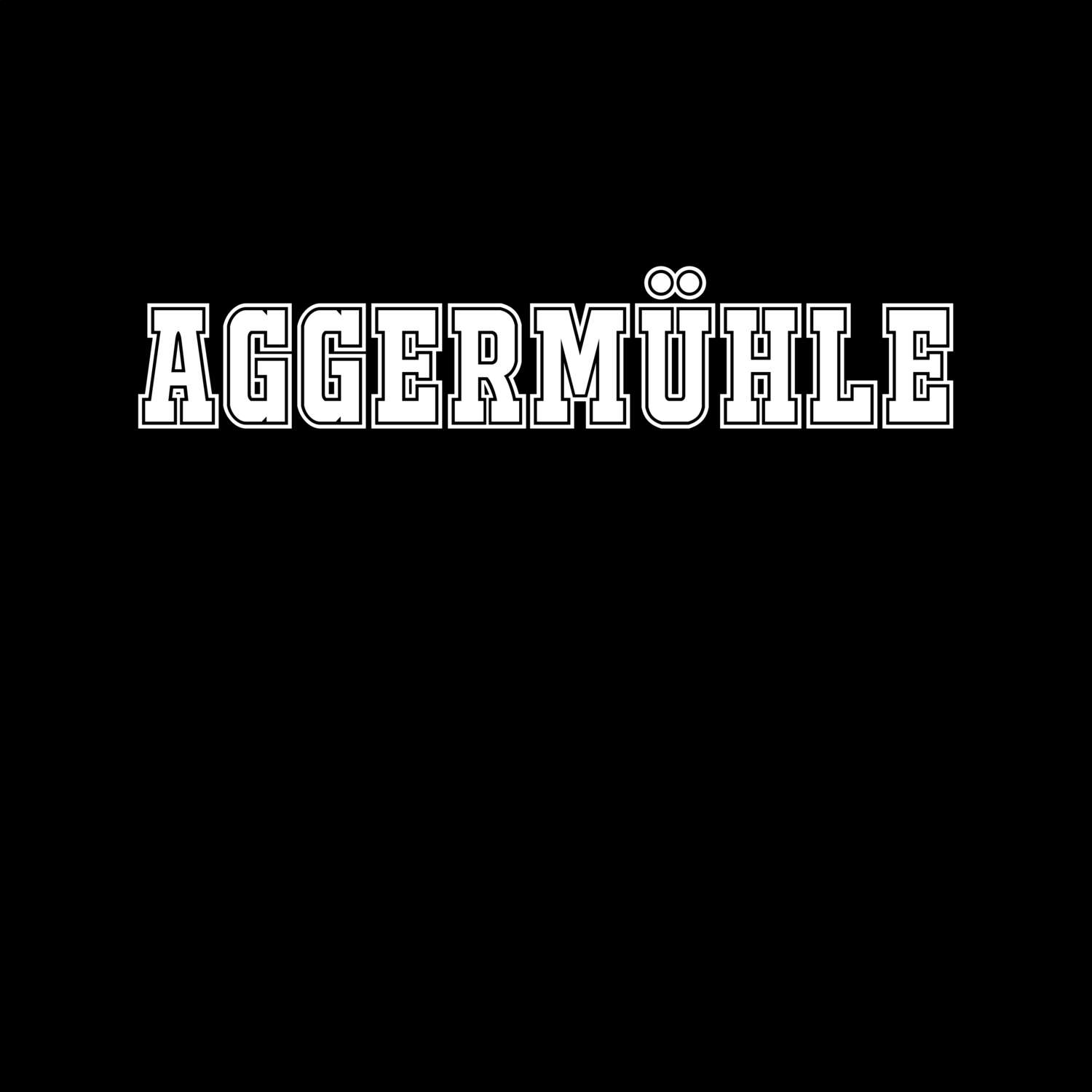 Aggermühle T-Shirt »Classic«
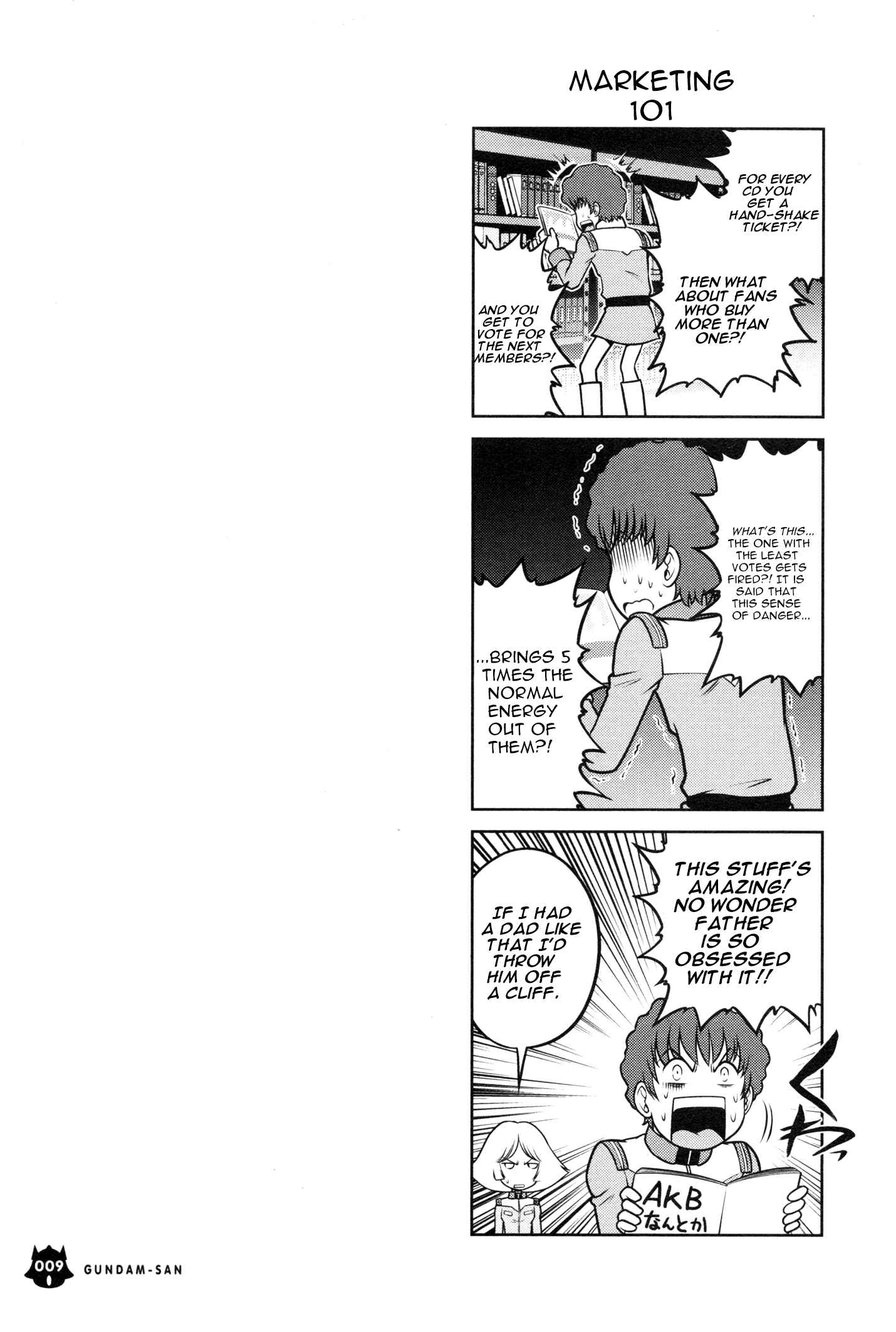 Page 6 Chapter 1 Mr. Mobile Suit Gundam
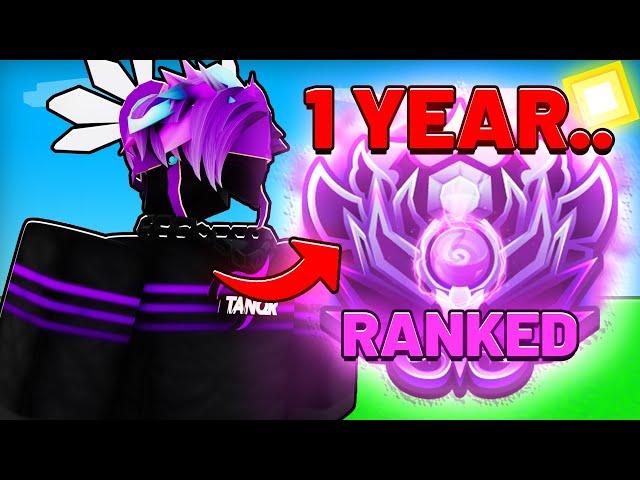 I Played RANKED After 1 YEAR in Roblox Bedwars..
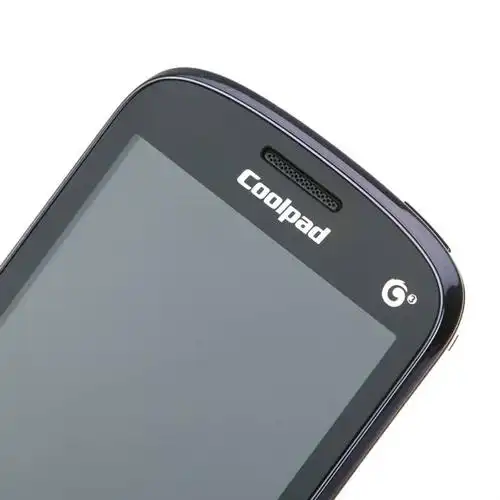 酷派(cooplad)8050 3g手机(磐石黑)td-scdma/gsm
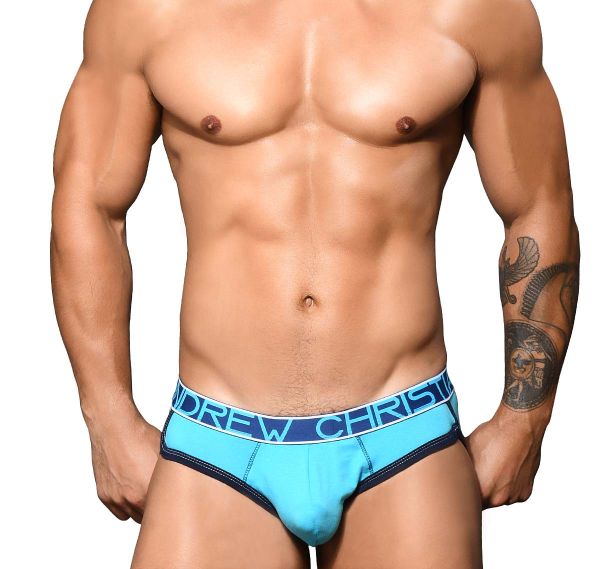 Andrew Christian Brief COOLFLEX MODAL BRIEF w/ Show-It 92337, blue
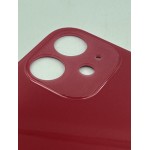 Tapa trasera iPhone 11 ROJO (unibody) FACIL INSTALACION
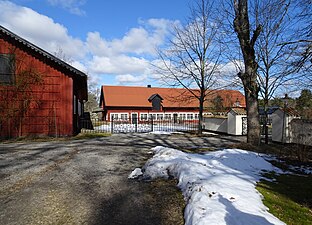 Stall och ekonomibyggnader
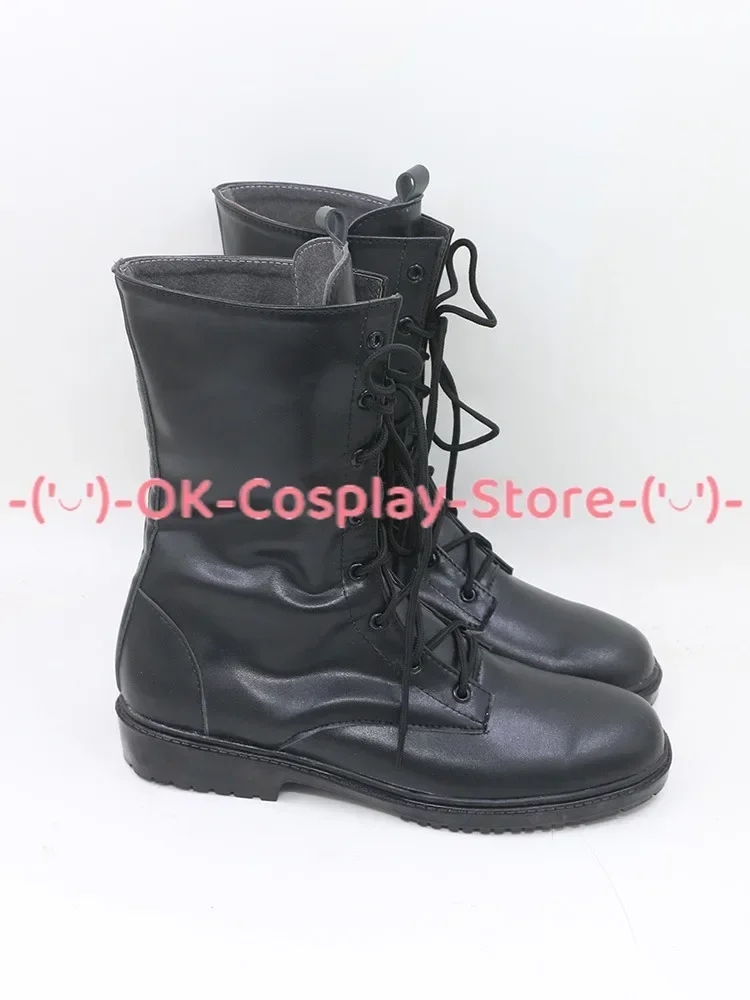 [Personalizzato] Reina Scarpe Cosplay Gioco Anime Gioco di ruolo Costume Prop Halloween Carnevale Festa Festa Stivali in pelle PU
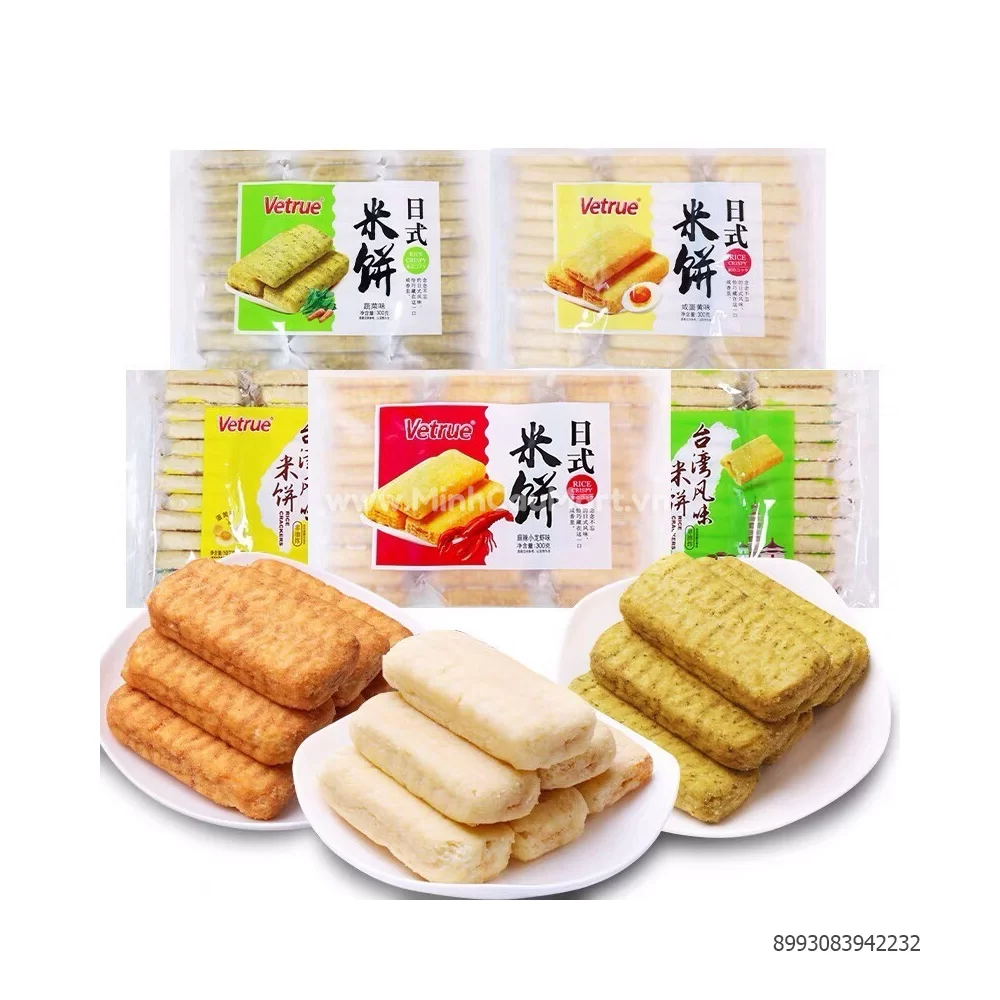 Bánh rau củ phô mai 300g Bánh rau củ phô mai 300g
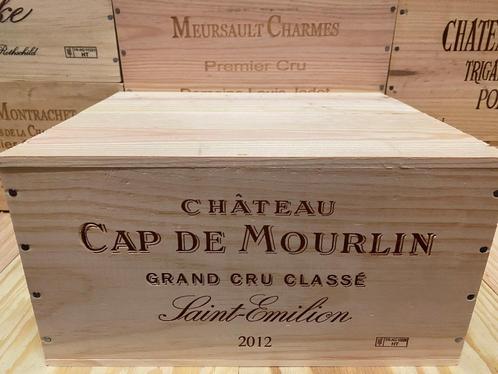 Ch. Cap de Mourlin 2012 Saint-Emilion Grand Cru Classé OWC, Verzamelen, Wijnen, Nieuw, Rode wijn, Frankrijk, Vol, Ophalen of Verzenden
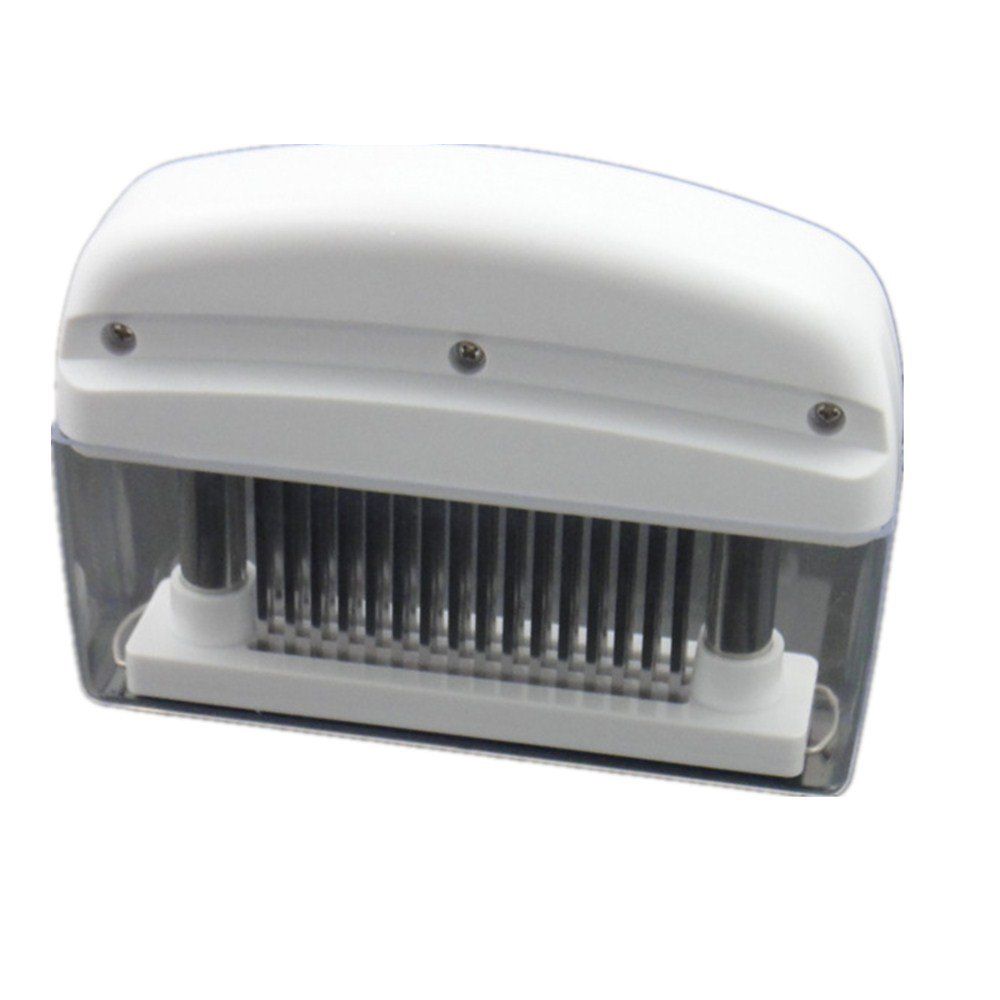 

Stainless Steel Band Locking Meat Needle Broken Rib Cutter, White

************

* _Your task_
What you need to copy is the run of lines from the one holding "[Personalizzato] Reina Scarpe" through the end of the data, exactly and only, both ends included, pictures omitted.

* _Answer_
 [Personalizzato] Reina Scarpe Cosplay Gioco Anime Gioco di ruolo Costume Prop Halloween Carnevale Festa Festa Stivali in pelle PU
 Bánh rau củ phô mai 300g Bánh rau củ phô mai 300g
 Ch. Cap de Mourlin 2012 Saint-Emilion Grand Cru Classé OWC, Verzamelen, Wijnen, Nieuw, Rode wijn, Frankrijk, Vol, Ophalen of Verzenden

Stainless Steel Band Locking Meat Needle Broken Rib Cutter, White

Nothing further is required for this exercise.